The Call
Inside the Global Saudi Religious Project
Journalist Krithika Varagur's Da'wa chronicles the House of Saud as it systematically transforms the Muslim world in its own image, in one of the major imperial projects in today's world, on par with China's economic diplomacy. Since 1979, Saudi Arabia has spent $1.8 billion per year, by one estimate, to propagate its puritanical brand of Islam, called Salafism or Wahhabism. It has kept scrupulous records of its religious activity in 27 countries, with over 4,000 Salafi preachers on its payroll worldwide. This is the cumulative scope of the Saudi campaign on three separate continents, told through the trial of a Christian governor in Indonesia; the emergence of Wahhabi influence in the Republic of Kosovo; and the death sentence of a Sufi priest in Nigeria.

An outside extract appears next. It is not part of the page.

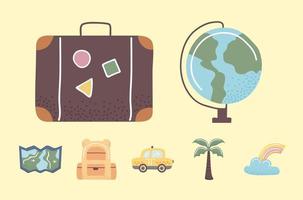 sete ícones de estilo de vida de viagens vetor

Krithika Varagur is an award-winning journalist who covers Indonesia for The Guardian and has reported widely from Southeast and South Asia for publications including The Atlantic, The New York Review of Books, The Financial Times, The New Republic, Foreign Policy, and The New York Times. She regularly corresponds for outlets like NPR, the BBC, Democracy Now!, and Deutsche Welle and her work has been supported by the Pulitzer Center on Crisis Reporting, the International Women's Media Foundation, the Overseas Press Club Foundation, the Rory Peck Trust, and more. She is a National Geographic explorer and a former Amtrak writer-in-residence. Varagur graduated from Harvard University and was a Fulbright scholar at the School of Oriental and African Studies in London.